# [Data to process]
------------------------

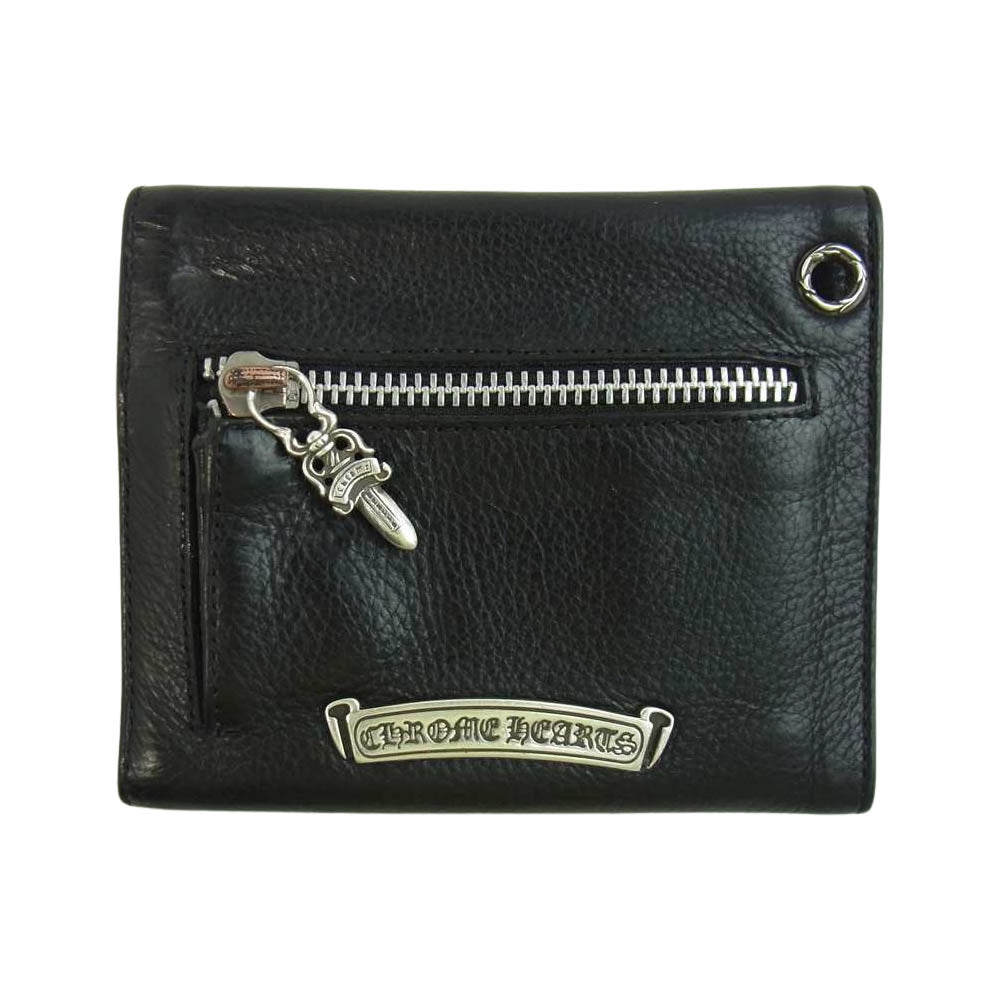 CHROME HEARTS クロムハーツ（原本無） WALLET WAVE MINI ウェーブウォレット ミニ  ブラック系【中古】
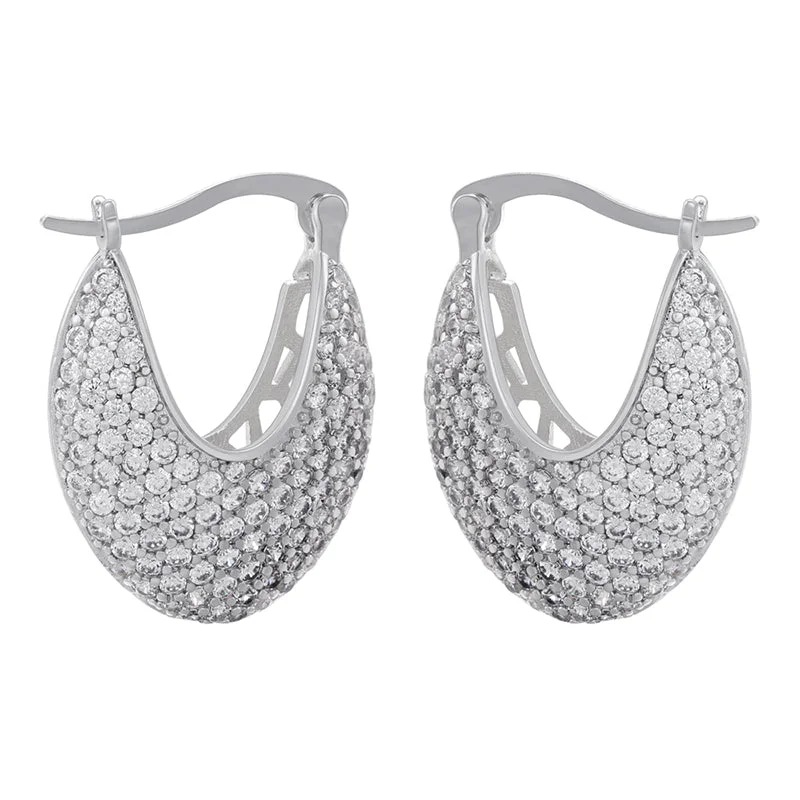 White Gold Color White Diamond 1 Pair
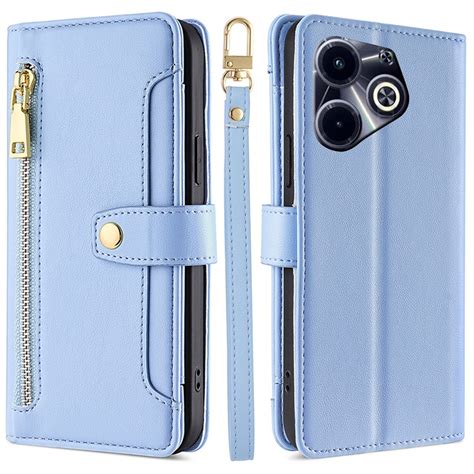 Etui Z Klapk Do Infinix Hot I Wallet Zipper Pocket Niebieskie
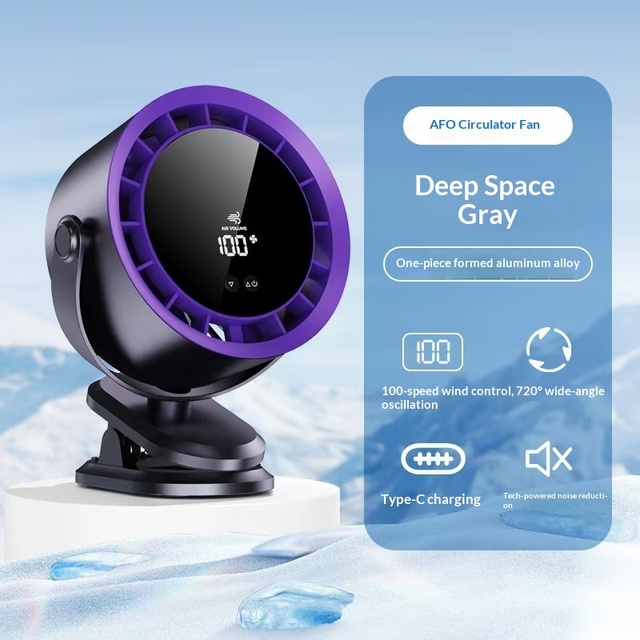 X2 New Mini Portable Bladeless Desktop Silent Office Table Clip-on USB/Wireless Charging 3-Speed Electric Fan Battery Level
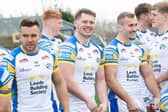 Tom Holroyd, third from left, could make his first appearance of the season when Leeds Rhinos face Catalans Drtagons on Saturday. Picture by Allan McKenzie/SWpix.com.
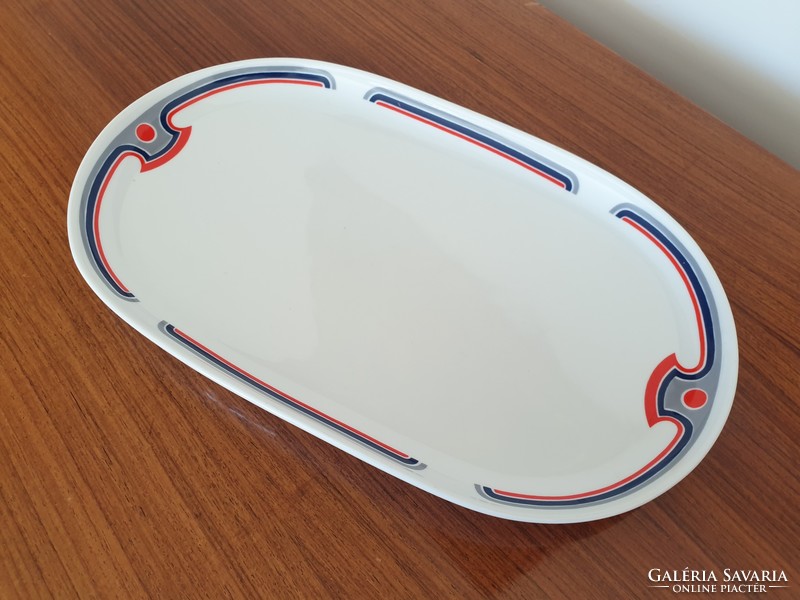 Retro nagy méretű 36 cm es Alföldi porcelán ovális tál piros menza mintás régi kínáló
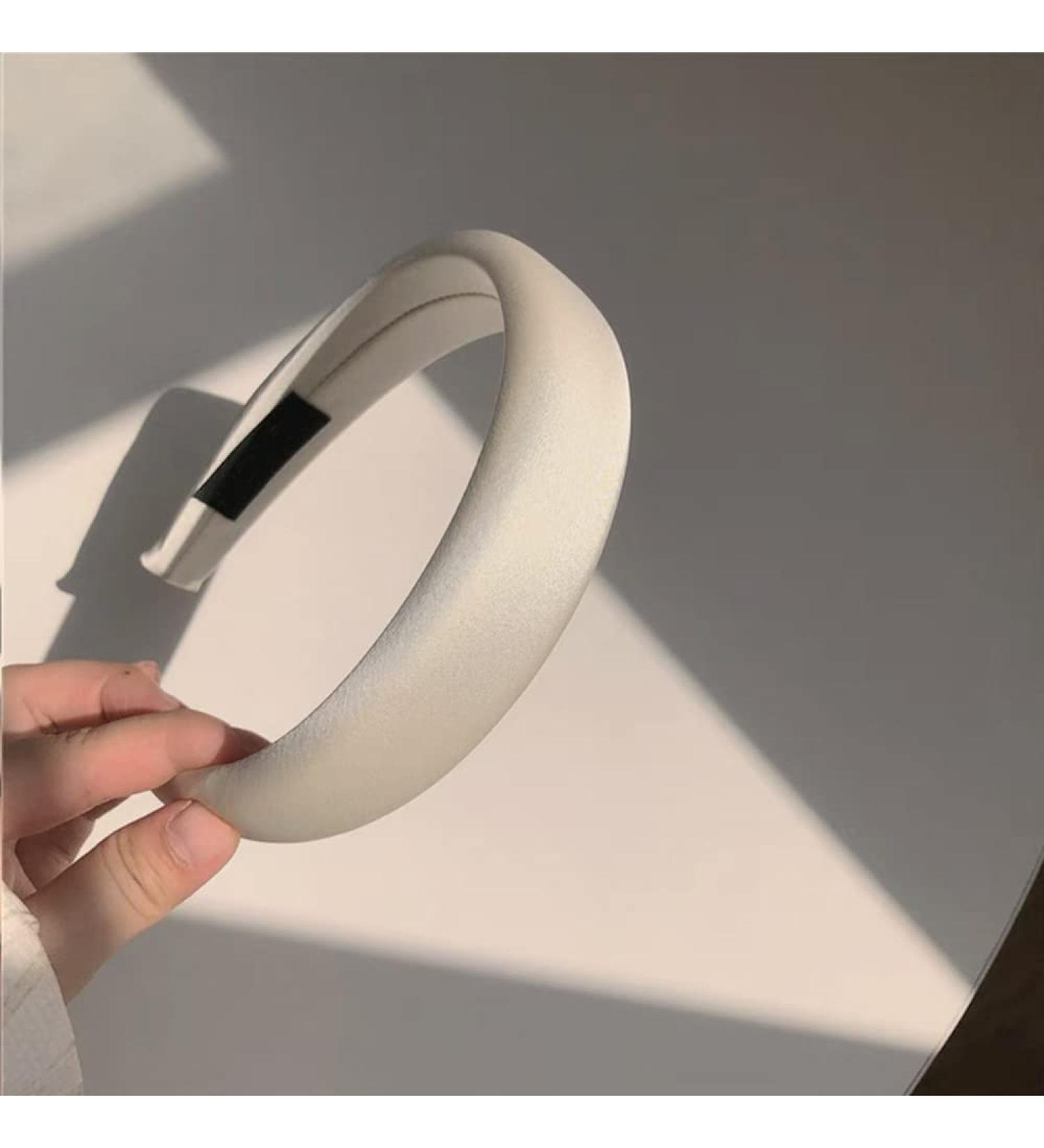 Headband Retro Satin Headband Simple Wide Brim Headband Plain Hair Accessory Braided Satin Headband for Women and Girls for Holidays Travel Yoga Reunitment Cream Colours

------------------------

In your reply, every line of the material should appear exactly as written, and no picture should.

 CHROME HEARTS クロムハーツ（原本無） WALLET WAVE MINI ウェーブウォレット ミニ  ブラック系【中古】
 White Gold Color White Diamond 1 Pair
 Etui Z Klapk Do Infinix Hot I Wallet Zipper Pocket Niebieskie
 X2 New Mini Portable Bladeless Desktop Silent Office Table Clip-on USB/Wireless Charging 3-Speed Electric Fan Battery Level
 Tom Holroyd, third from left, could make his first appearance of the season when Leeds Rhinos face Catalans Drtagons on Saturday. Picture by Allan McKenzie/SWpix.com.
 Retro nagy méretű 36 cm es Alföldi porcelán ovális tál piros menza mintás régi kínáló
 Headband Retro Satin Headband Simple Wide Brim Headband Plain Hair Accessory Braided Satin Headband for Women and Girls for Holidays Travel Yoga Reunitment Cream Colours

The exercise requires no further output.